§ **Dataset content**
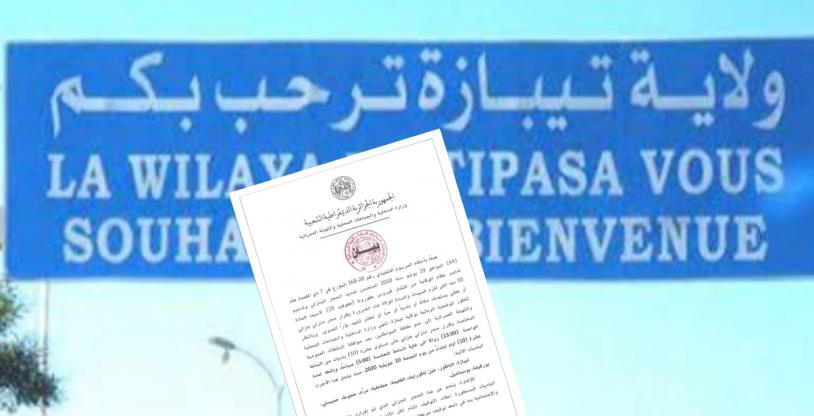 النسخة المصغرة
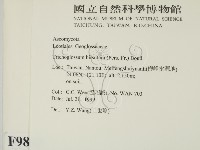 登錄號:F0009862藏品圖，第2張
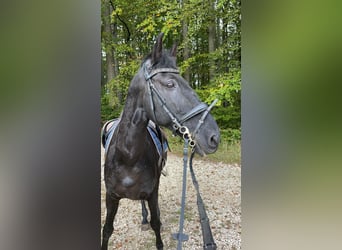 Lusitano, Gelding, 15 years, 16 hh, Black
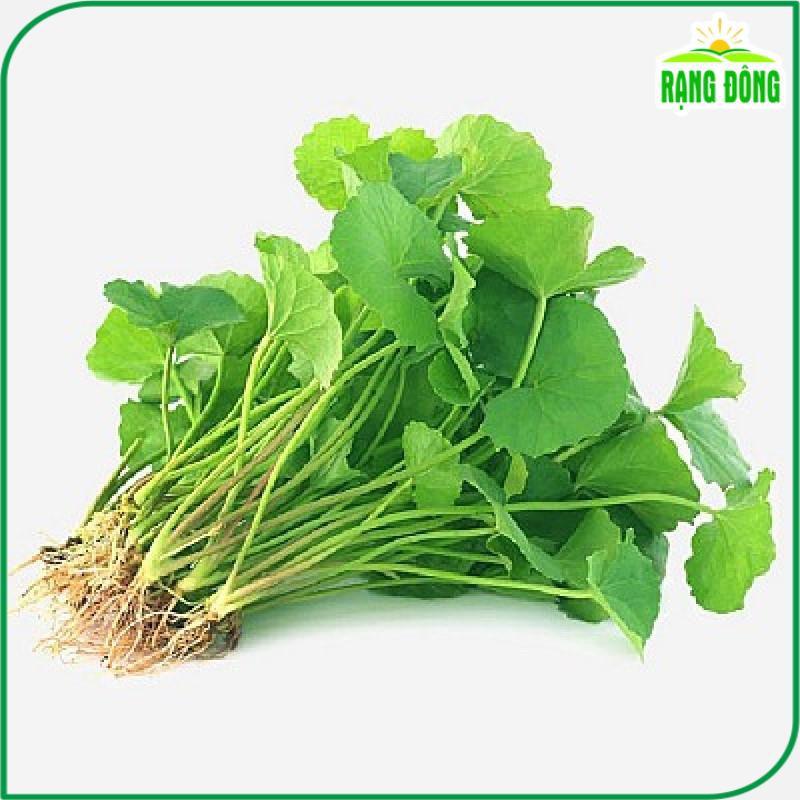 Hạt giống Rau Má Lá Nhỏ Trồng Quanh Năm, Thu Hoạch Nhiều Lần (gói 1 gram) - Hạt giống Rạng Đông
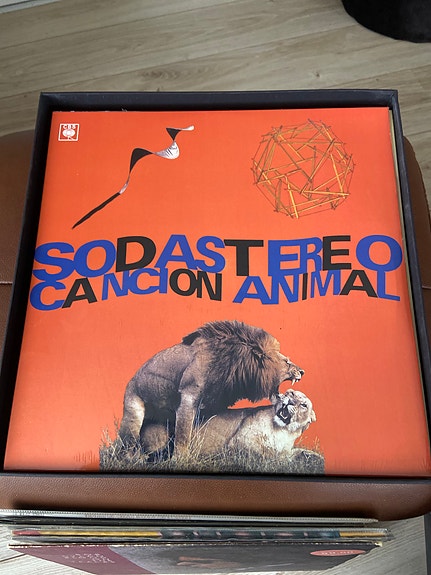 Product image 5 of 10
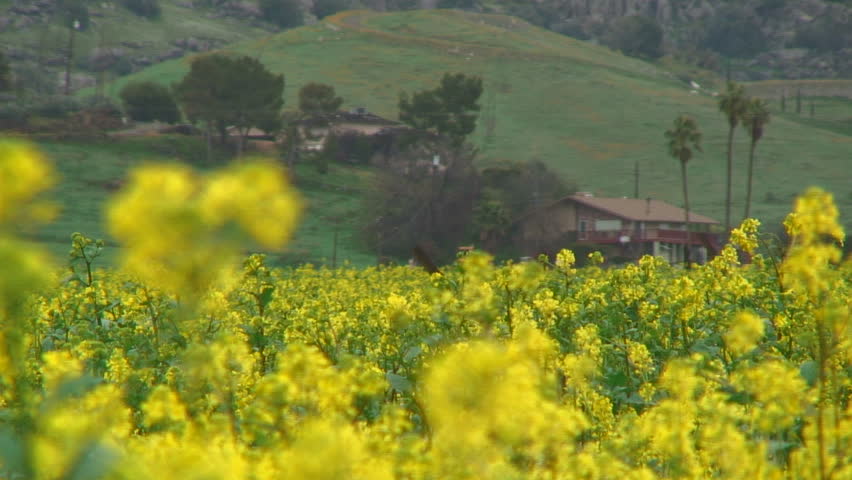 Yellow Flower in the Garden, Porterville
...
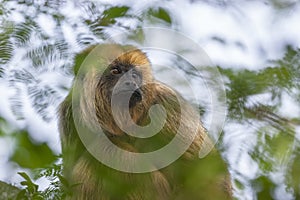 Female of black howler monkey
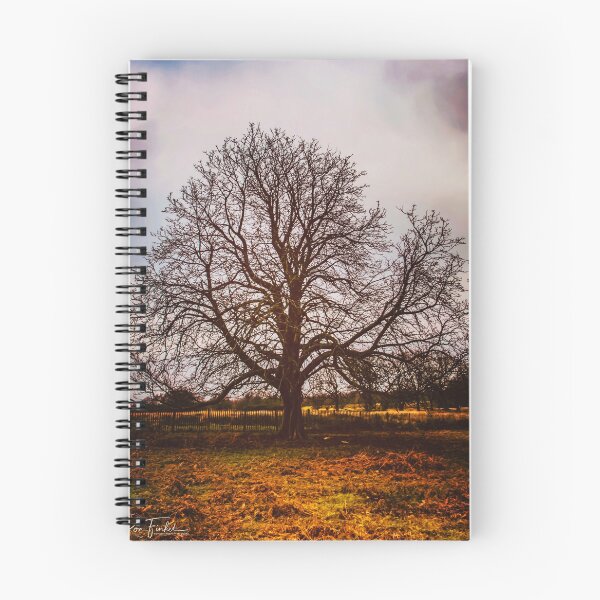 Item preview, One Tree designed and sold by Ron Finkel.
--
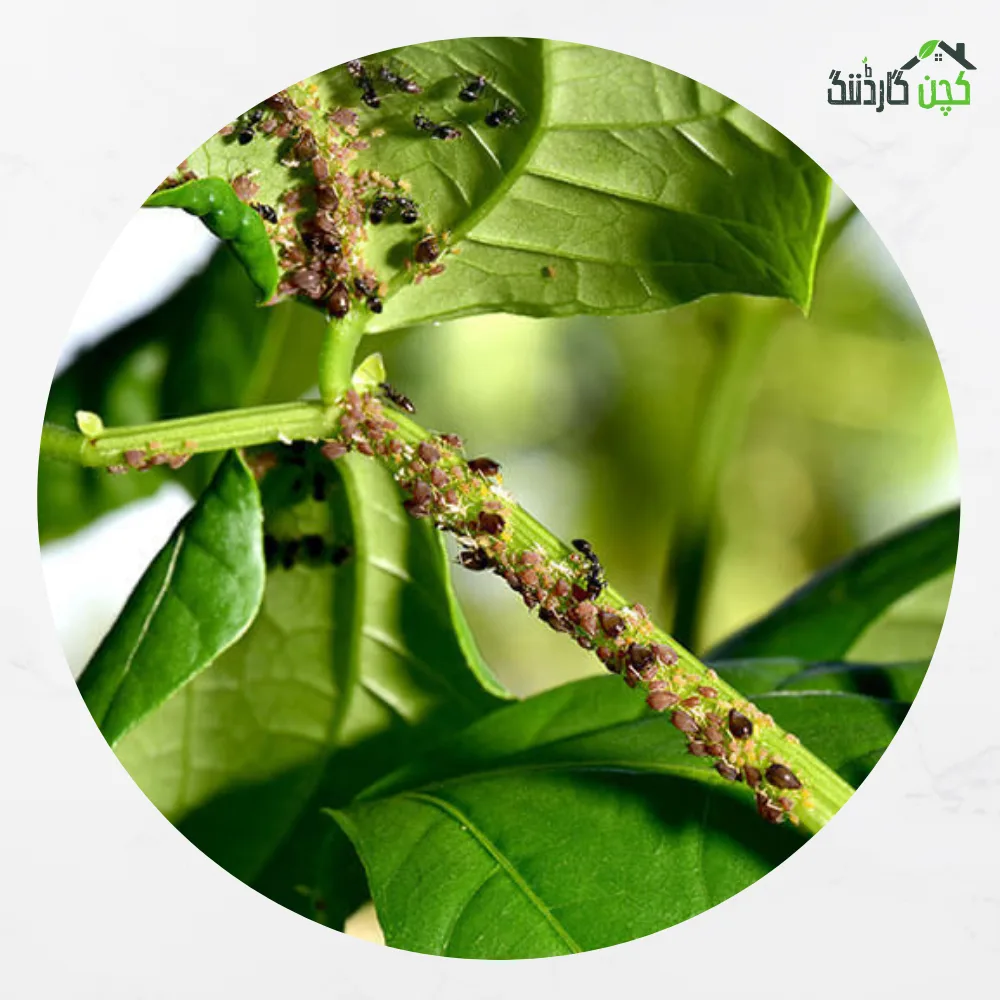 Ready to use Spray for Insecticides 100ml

§ **Work task**
Copy exactly the part of the material above that opens with the line containing "Female of black howler monkey" and closes with the line containing "Item preview, One", ends included. Drop the images.

§ **Reply to the exercise**
 Female of black howler monkey
 Item preview, One Tree designed and sold by Ron Finkel.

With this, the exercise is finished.